* [TASK BRIEF]:
Return exactly the lines of the data below, from the one that contains "Women's Attire sofiacashmere" through the final line, and leave out every picture.

* [SUPPLIED RECORDS]:
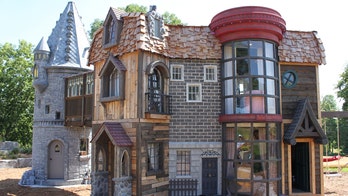 Grandparents build 'world's best' Harry Potter playhouse for family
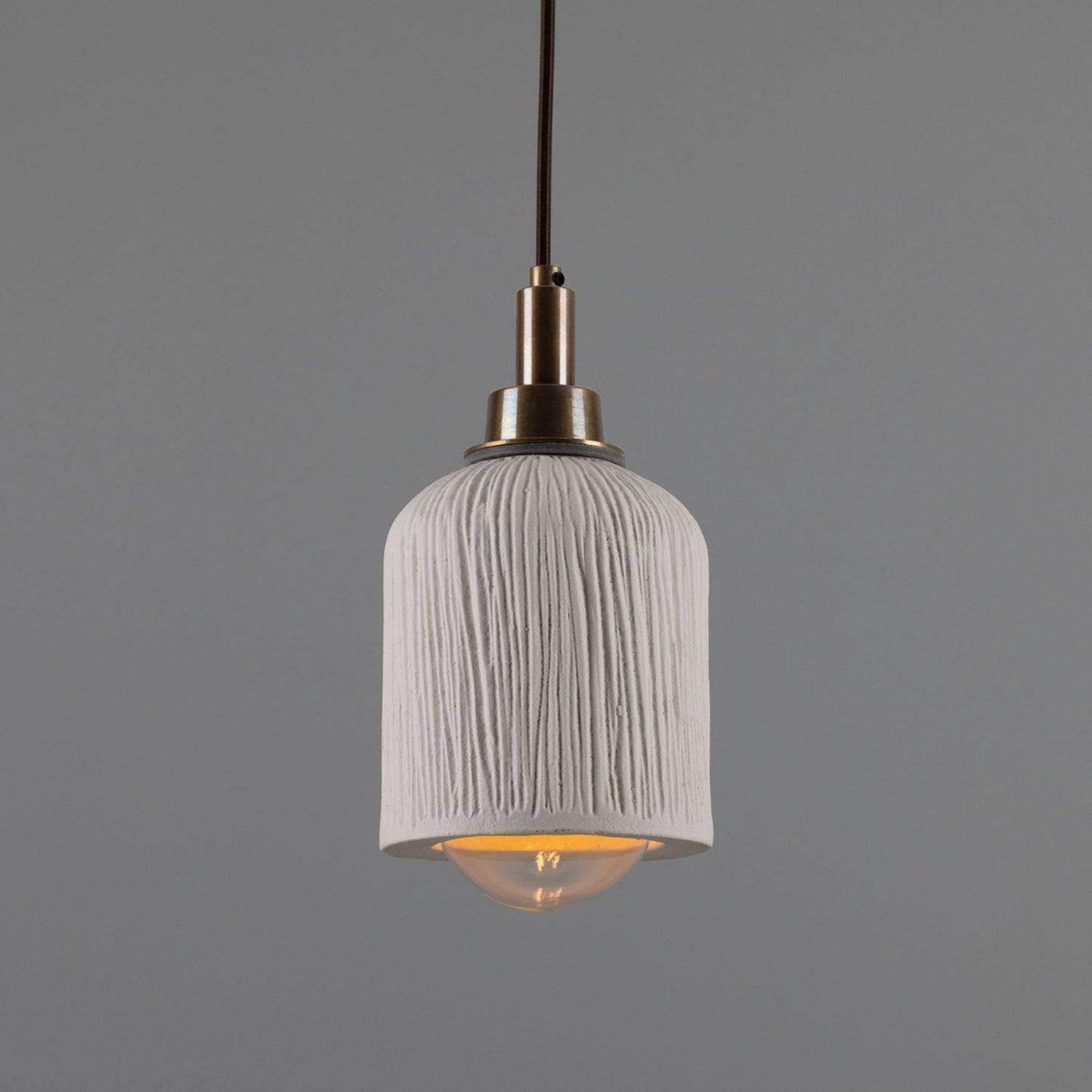 Osier Organic Ceramic Bathroom Pendant Light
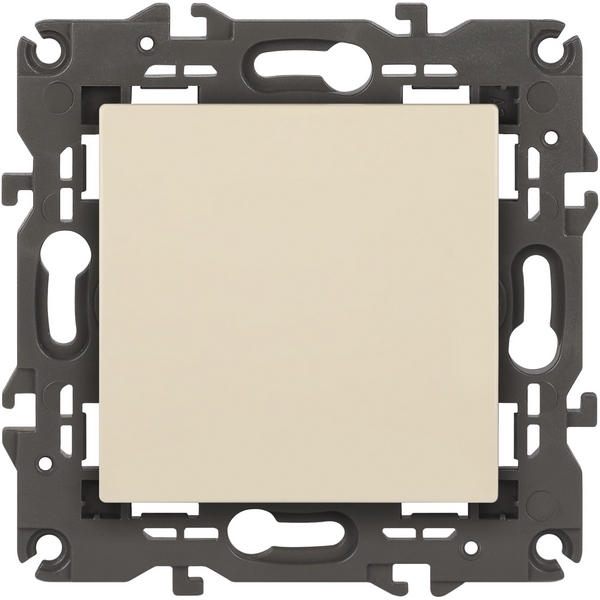 

Выключатель встраиваемый одноклавишный (слоновая кость) ЭРА 14-1101-02, 14-1101-02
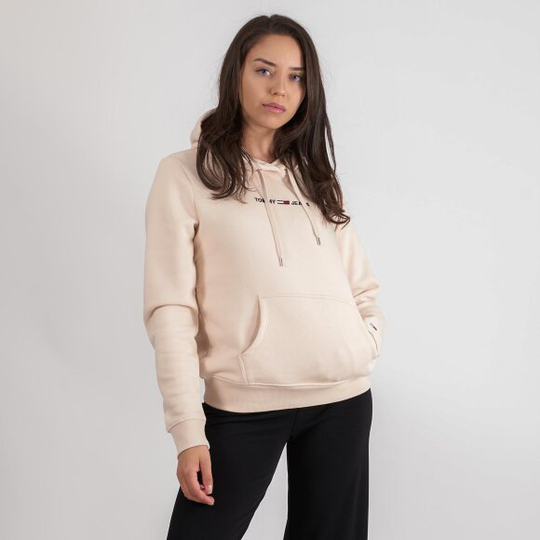 Linear logo hoodie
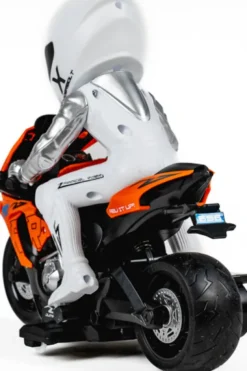 Tec-Toy - Orange Fjernstyret Motorcykel - Thunder Riders - Lys Lyd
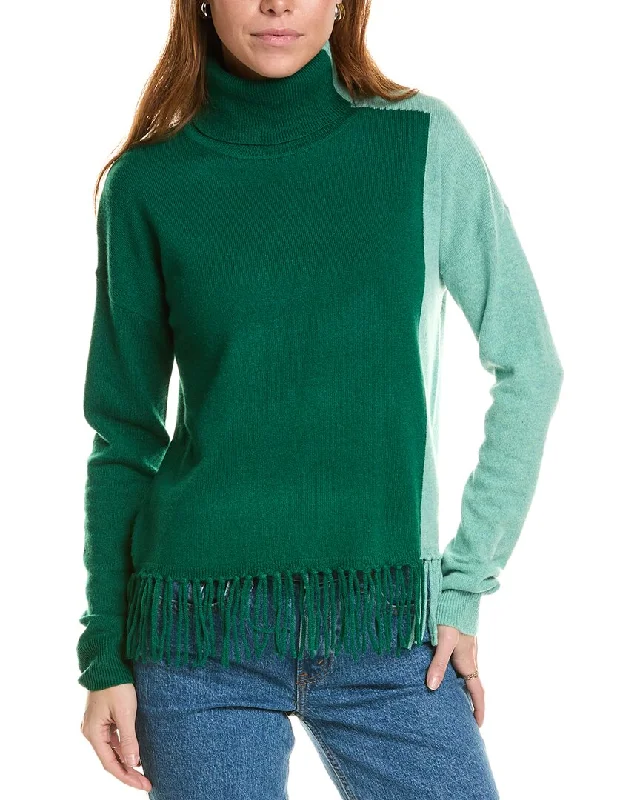 Women's Attire sofiacashmere Colorblock Cashmere Sweater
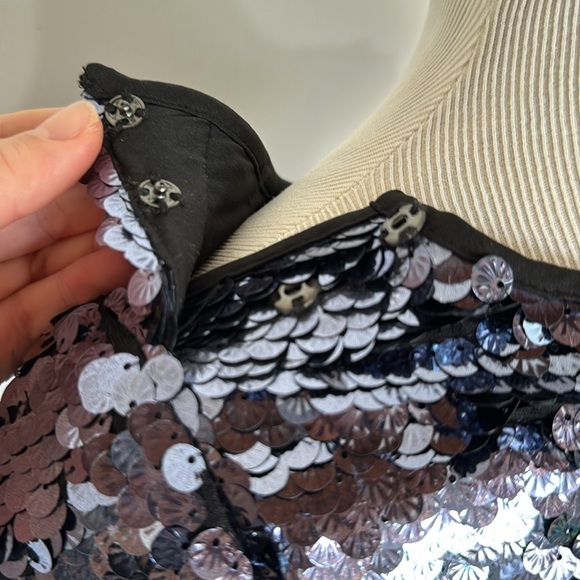 Leifsdottir Anthropologie sequin blouse - Picture 6 of 7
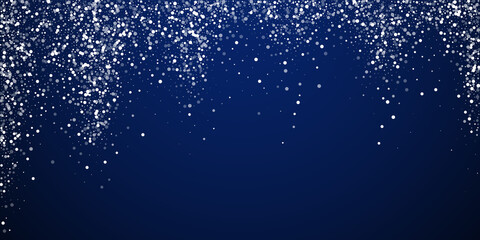 Random white dots Christmas background. Subtle fly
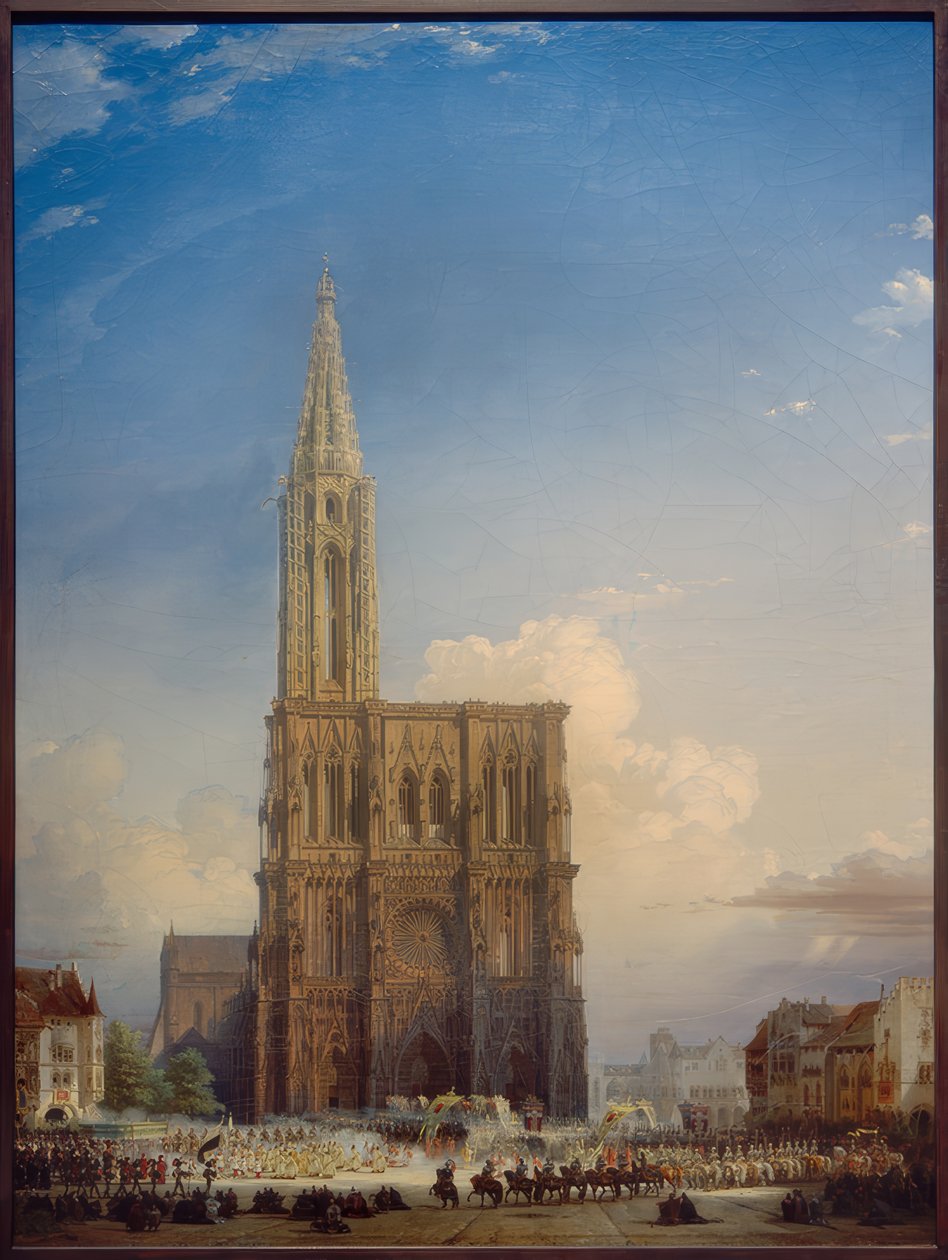 Strasbourg katedral i middelalderen av August von Bayer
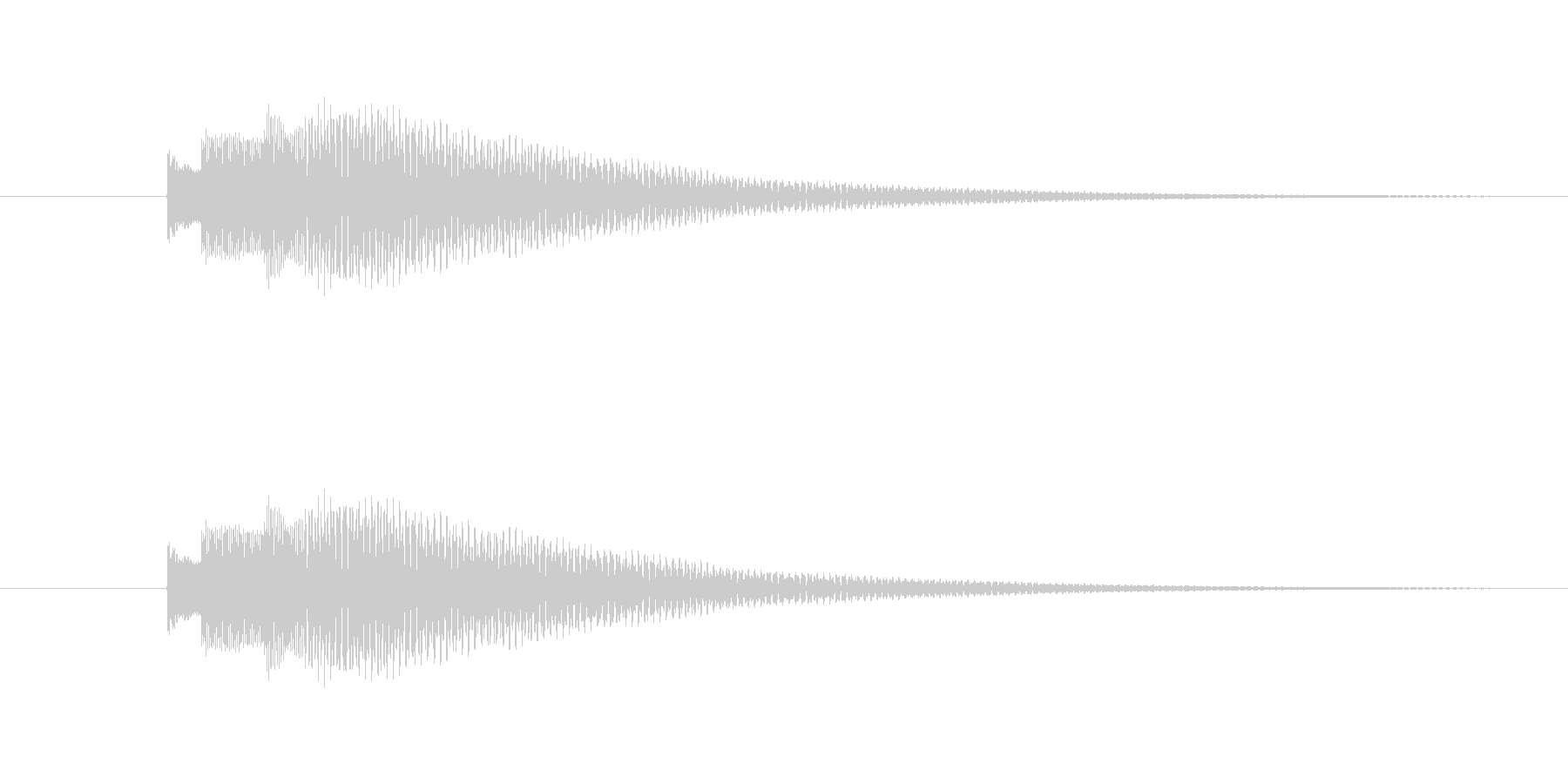 Kalimbellを使った効果音です。の未再生の波形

* [OUTPUT OF THE EXERCISE]:
 Women's Attire sofiacashmere Colorblock Cashmere Sweater
 Leifsdottir Anthropologie sequin blouse - Picture 6 of 7
 Random white dots Christmas background. Subtle fly
 Strasbourg katedral i middelalderen av August von Bayer
 Kalimbellを使った効果音です。の未再生の波形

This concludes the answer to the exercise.